Paper No. 2
Presentation Time: 8:20 AM


ALAM, Md. Samrat and CHENG, Tao, Department of Earth Sciences, Memorial University of Newfoundland, St. John's, NF A1B 3X5, Canada,

Approximately 28% of the population in Newfoundland, Canada relies on groundwater as a source of potable water. Arsenic (As) concentrations in some domestic water wells in Newfoundland exceed the maximum acceptable concentration (>10 µg/L) recommended by Health Canada. It has been speculated that the As in groundwater in Newfoundland originates from the dissolution of natural aquifer solid materials, however, this has never been confirmed.
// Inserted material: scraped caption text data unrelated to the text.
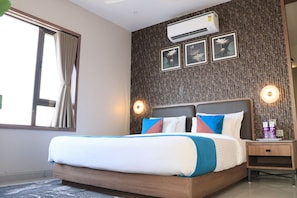Quarto de hotel com cama, ar condicionado, luminárias fixadas na parede e obra de arte emoldurada.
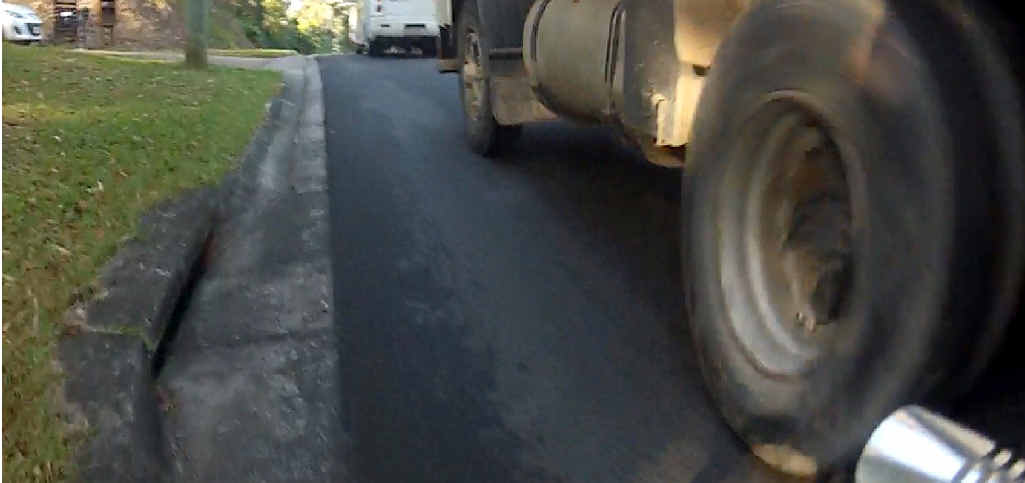 EVIDENCE: A still from the footage of the truck driven by Warwick Fribance passing the cyclist. A split second before the incident a bus passed the rider also. EVIDENCE: A still from the footage of the truck driven by Warwick Fribance passing the cyclist. A split second before the incident a bus passed the rider also.
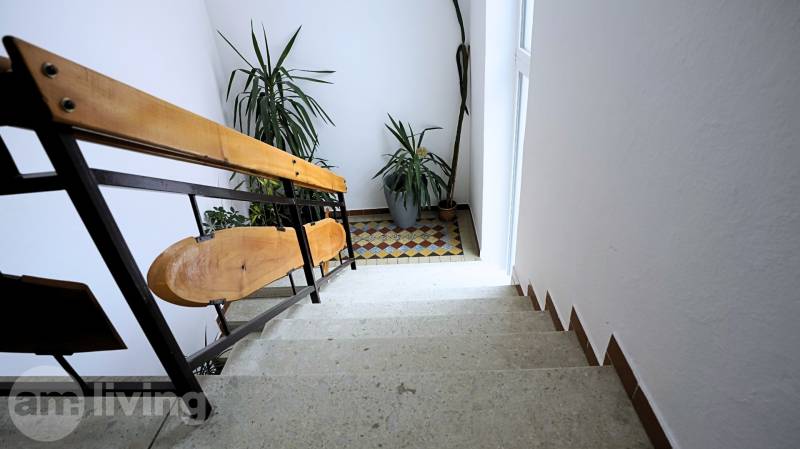 A staircase with plants and a tiled floor in a 3-room apartment.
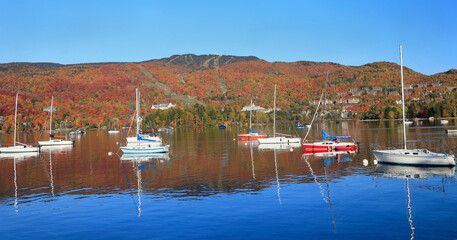 Wall Mural - Panoramic view of Mont Tremblant and lake in autumn with colorful yachts on the foreground, Quebec, Canada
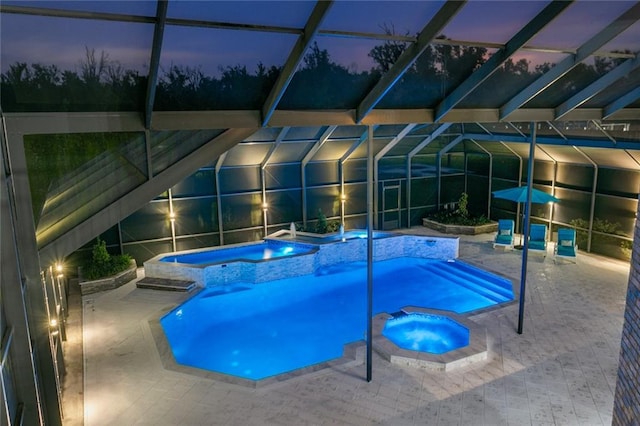 pool at dusk with a lanai, a patio, and an in ground hot tub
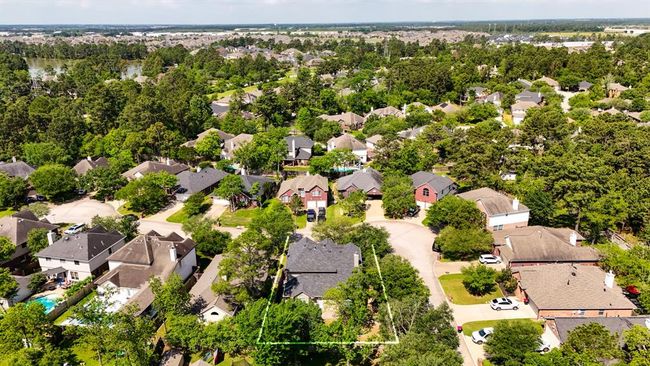 This aerial view captures the home’s prime corner lot location within Windrose, with the lush golf course visible in the distance. It offers a clear sense of space and proximity to the community's desirable amenities. | Image 38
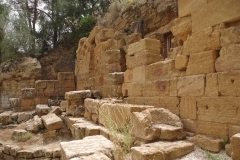 Rear wall and basins at the rock-cut sanctuary.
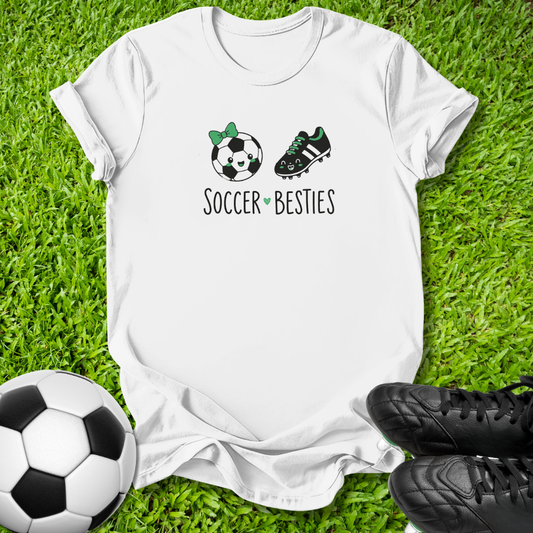 A white short-sleeve T-shirt laid flat on green grass, featuring a soccer-themed graphic with a soccer ball, a cleat, and the words 'SOCCER BESTIES'. A black-and-white soccer ball appears at the lower left, and black cleats are at the lower right.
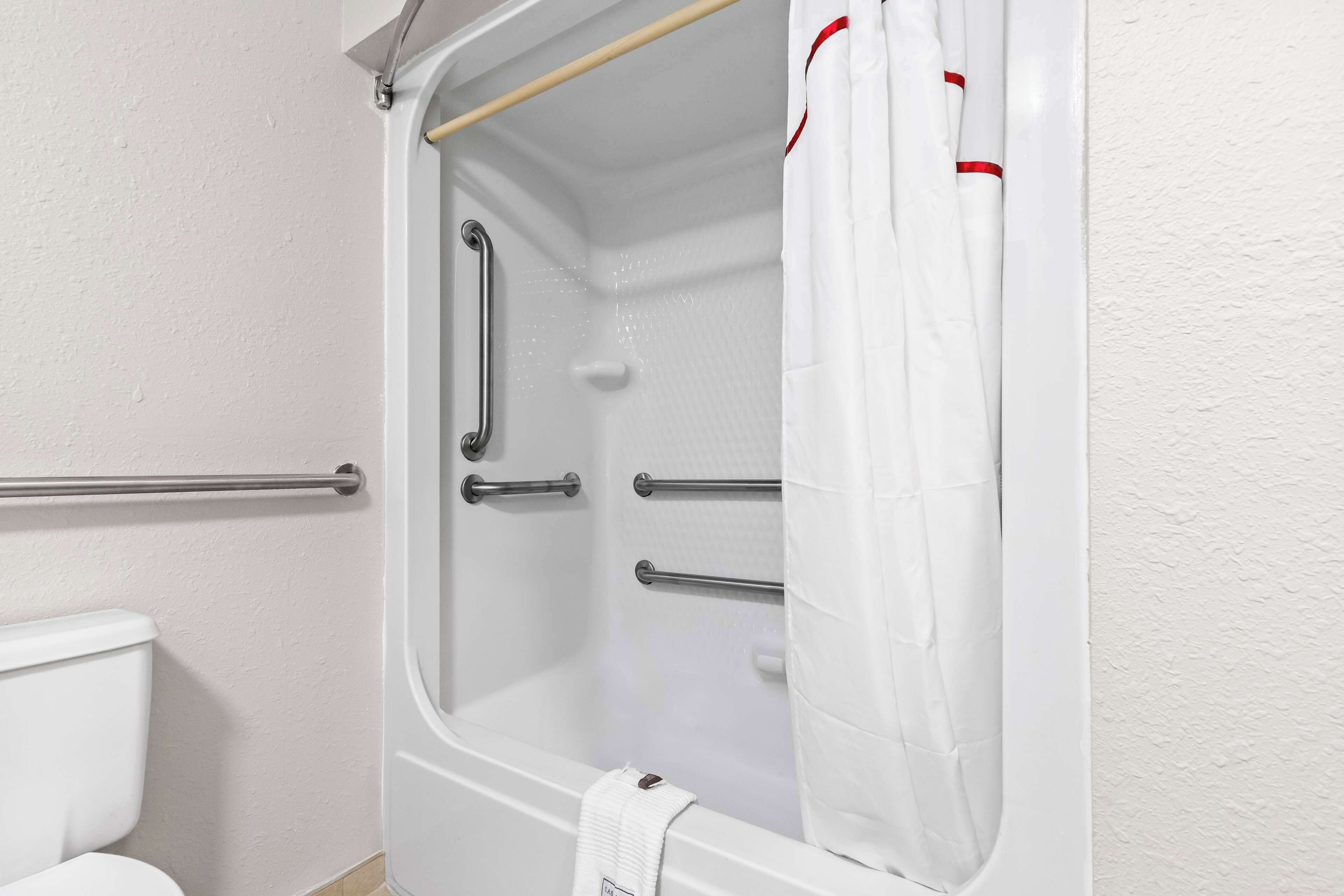 Baño con bañera blanca, barras de apoyo y cortina de ducha.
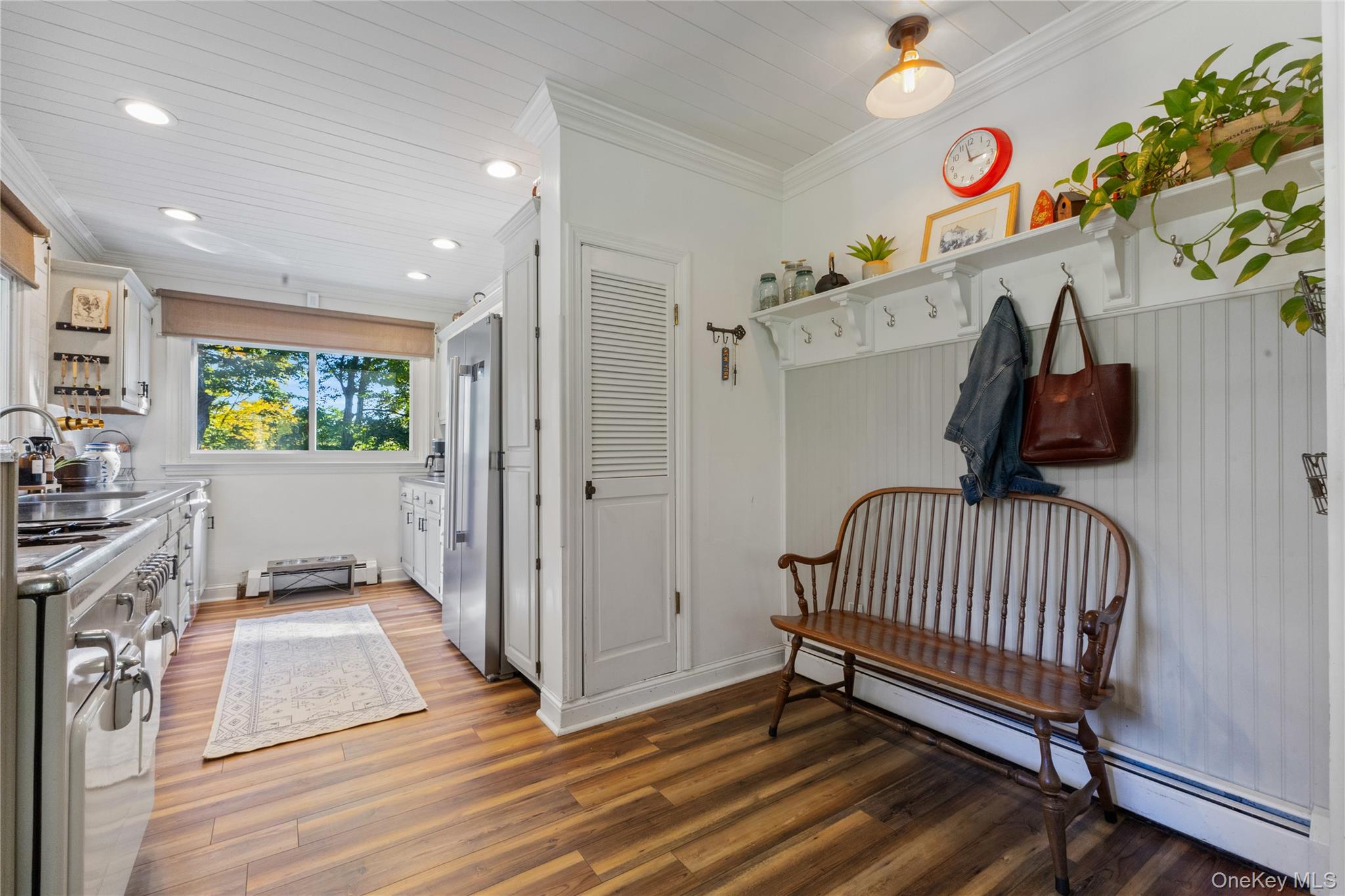 1645 Amazon Road, Unit 1645 Mohegan Lake, NY 10547 - Photo 28 of 50 a view of a hallway with a couch and a window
This research is intended to identify the potential sources of groundwater As in Newfoundland, and to assess water chemistry conditions that influence As mobilization (release from solid phases to groundwater). Subsurface glacial till samples, collected from different locations in Newfoundland, were used as representative aquifer solid materials and were examined with acid digestion, sequential extraction, and batch dissolution methods to understand the mechanisms that control As mobilization. Acid digestion experiments showed As concentration in till samples ranges from 19 to 21 mg/kg. Sequential extraction experiments revealed that a considerable amount of As (5mg/kg) in till samples is in labile form, suggesting these As could release to groundwater under proper conditions. Our batch dissolution experiments showed release of As from till samples is influenced by water pH, redox potential (Eh), and siderophore trihydroxamate desferroxamine B (Dfob) (an iron chelator) concentration. In the pH range of 3-8, very low concentration (3-4 µg/L) of As was released. However, significant amount (25-30 µg/L) of As was mobilized at a higher pH of 10. At high Eh (+200 to +300 mV), slight dissolution of As and Fe was observed. At lower Eh (+50 to -100 mV), elevated concentrations of As and Fe were released, indicating As release is due to reductive dissolution of minerals. A siderophore concentration of 500 µM considerably enhanced the mobilization of As and Fe, signifying the released As in those till samples was associated with Fe minerals. SEM/EDX and XRD analysis of solid till samples confirmed the presence of As and Fe minerals. Our results suggest reductive dissolution of As and Fe minerals could contribute significantly to groundwater As contamination in Newfoundland, and that water chemistry conditions such as pH, Eh and Dfob control the rate of As release to groundwater.